One of the hardest skills to acquire as a manager is that of skilfully challenging people when they are not performing. Sometimes people genuinely lack awareness about the impact of their performance and simply telling them what you observe and the impact it's having on the business is enough to cause change. But feedback doesn't always work, in which case you need to make a more direct request, challenging them to change their performance.
Here are some tips to help you make sure your challenging skills are up to scratch:
Start with managing yourself. Be really honest with yourself about how you are feeling about the situation. Can you separate the person from their behaviour, or have you muddled them up? Being able to distinguish the negative impact of someone's behaviour from their worth as a person is an important step before you proceed – otherwise you are at risk of damaging the relationship and increasing the chances of them taking it personally. If you're unsure about this, try rehearsing your message with someone you trust. Ask them for feedback on their genuine reaction to what you say and (more significantly) how you say it.
Do it sooner rather than later. Many of us avoid challenging people as we want to avoid the emotional distress it may cause them (and us!). This means that sometimes we defer being tough but fair with people, in the mistaken belief that it's kinder. This rarely works out as a strategy and can leave people feeling like you haven't been straight with them when they do eventually find out.
Prepare your message. You need to prepare exactly what you're going to say, find a good place and time, then state the situation briefly and clearly, as you only have a few moments before they stop listening and start to react. Be clear about the gap in their performance and that you expect them to find a way to close it.
Be specific and have the evidence at hand. This is much easier in situations when someone is not performing at the required level and objective measures are readily available. When it's a behavioural issue you will need to sensitively gather information about the impact on yourself and others.
Be ready to deal with an emotional response. When you challenge someone, they are likely to feel threatened and so a range of defensive behaviours can emerge. Stay as compassionate and respectful as you can towards them and wait until their emotions have subsided before attempting a more rational conversation. Once they have calmed down you can…

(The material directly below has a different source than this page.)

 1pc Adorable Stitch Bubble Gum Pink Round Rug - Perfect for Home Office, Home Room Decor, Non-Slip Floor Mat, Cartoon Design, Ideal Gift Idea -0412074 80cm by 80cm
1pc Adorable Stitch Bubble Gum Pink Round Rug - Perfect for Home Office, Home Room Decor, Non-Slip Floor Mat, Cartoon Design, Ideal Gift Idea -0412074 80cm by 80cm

Ask them to take ownership of the situation. Sometimes, you can get through the difficult start and be so relieved that you forget to get commitment from THEM to do something about the situation. You may need to repeat your point several times until they finally stop defending and start to take responsibility. Stay respectful and assertive about the situation, but also be prepared to change your mind – you may not have all the facts.
Finally – remember that being challenging can lead to better working relationships. People feel safer when they know where they stand, so it's best to find your courage and challenge people when you feel it's needed. By treating an under-performer as an adult who is responsible for their behaviour, you can not only help them, but you may well help other members of your team when they see that you deal with people in a fair and square way.